A profile is a JSON file that tells slop-chop what to cut and what to put in its place. Every rule the rules pass runs comes from a profile. This page is the full reference for the format. For the order the rules run in and how each one works, see the engine reference.

Contents

Pointing at a profile

Three ways, in order of who wins:

  • --profile path.json points at a file directly.
  • A .slop-chop.json in the directory you run from is picked up on its own when --profile is not set.
  • With neither, the built-in default profile is used. It targets the common tells: em-dashes, smart quotes, stock openers, and a starter list of buzzwords.

A profile does not have to set every field. Anything you leave out keeps its zero value, so a file with only blockWords is valid and adds those words to nothing else.

Precedence

From highest to lowest:

  1. A flag, or its environment variable, for the settings a flag exposes (--dialect, --preset).
  2. The profile file (--profile or a discovered .slop-chop.json).
  3. The built-in default.

A --preset overlays its rules on top of the active profile. The profile always wins on a key both set, so a preset adds without overwriting what you wrote. See Presets.

Fields

Field Type Rewrites What it does
charReplace object yes Swap a literal character for another string.
phraseReplace object yes Swap or delete a phrase, any casing.
wordReplace object yes Swap a whole word, keeping its case.
regexReplace object yes Swap on your own regular expression.
blockWords array of strings no Flag a word or term but leave it in place.
flagPatterns object no Flag a structural tell by regex, no rewrite.
allow array of strings n/a Exempt a word from every rule.
dialect string yes Enforce American or British spelling.
collapseSpaces boolean yes Fold repeated spaces and tidy punctuation.
splitSemicolons boolean yes Turn a joining semicolon into two sentences.
tone array of strings n/a Notes the rewrite pass feeds to the model.

charReplace

Maps a literal substring to its replacement. Used for the character-level swaps: em-dashes, smart quotes, ellipses.

{
  "charReplace": {
    "—": ", ",
    "…": "..."
  }
}

The key is matched literally, so nothing inside it acts as a pattern.

phraseReplace

Maps a phrase to its replacement, matched without regard to case. An empty replacement deletes the phrase and restores the capital on the word that follows, so a deleted opener leaves a clean sentence.

{
  "phraseReplace": {
    "in order to": "to",
    "due to the fact that": "because",
    "in summary, ": ""
  }
}

A phrase whose last character is a word matches only as a whole word, so a key like cat never fires inside category. A phrase that ends in punctuation, like the trailing comma on a stock opener, is bounded by that punctuation. Deletion keys in the default profile keep their trailing comma and space so the sentence reads cleanly once the opener is gone.

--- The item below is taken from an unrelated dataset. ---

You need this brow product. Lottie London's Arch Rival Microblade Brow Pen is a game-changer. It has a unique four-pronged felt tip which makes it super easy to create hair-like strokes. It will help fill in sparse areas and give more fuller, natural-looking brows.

Use this for multi-word swaps. For a single word, wordReplace carries the case for you.

wordReplace

Maps a whole word to its replacement. The match is case-insensitive and the replacement takes on the case of what it replaced, so one entry covers every capitalization.

{
  "wordReplace": {
    "utilize": "use",
    "regarding": "about"
  }
}

With the entry above, utilize becomes use, Utilize becomes Use, and UTILIZE becomes USE. The match is whole-word, so disutilize and utilization are left alone.

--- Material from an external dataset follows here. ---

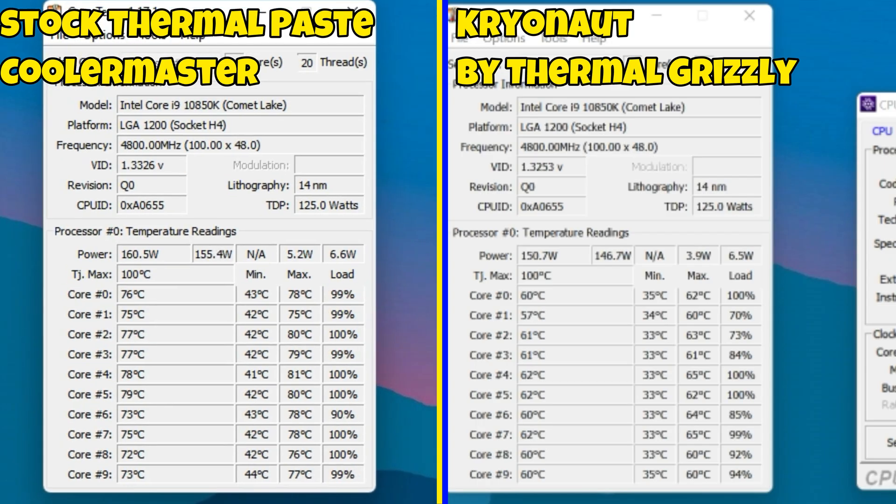It's benchmark time. On the left is the Cooler Master thermal paste, and on the right is the Cryonut thermal paste. Pay attention to the VIDs and the power limits here. You'll see I'm already getting thermal throttle — I just started Prime 95 and I'm already getting thermally throttled on the left with the Cooler Master. With the Cryonut on the right, it's not even thermal throttling. It's keeping me at 4800 megahertz. The voltages are staying high because it knows it can handle the temps. It's awesome.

This is the difference between a swap and a flag. blockWords only marks a word, because a safe replacement for it depends on context. wordReplace is for the words where you have already decided the replacement. The replacement follows the case of the source word, so it is not the tool for forcing a fixed capitalization like an acronym.

regexReplace

Maps a regular expression to its replacement. The pattern is used as written, so you control the anchoring and the boundaries, and a reference like $1 in the replacement expands against the match.

{
  "regexReplace": {
    "([0-9]+) ?%": "$1 percent",
    "\\bTODO\\b": ""
  }
}

The engine is RE2, so the patterns are linear time and there is no catch for a runaway backtrack. A pattern that can match nothing is skipped rather than inserted between every character. A malformed pattern is an error the moment the profile loads, naming the pattern that would not compile.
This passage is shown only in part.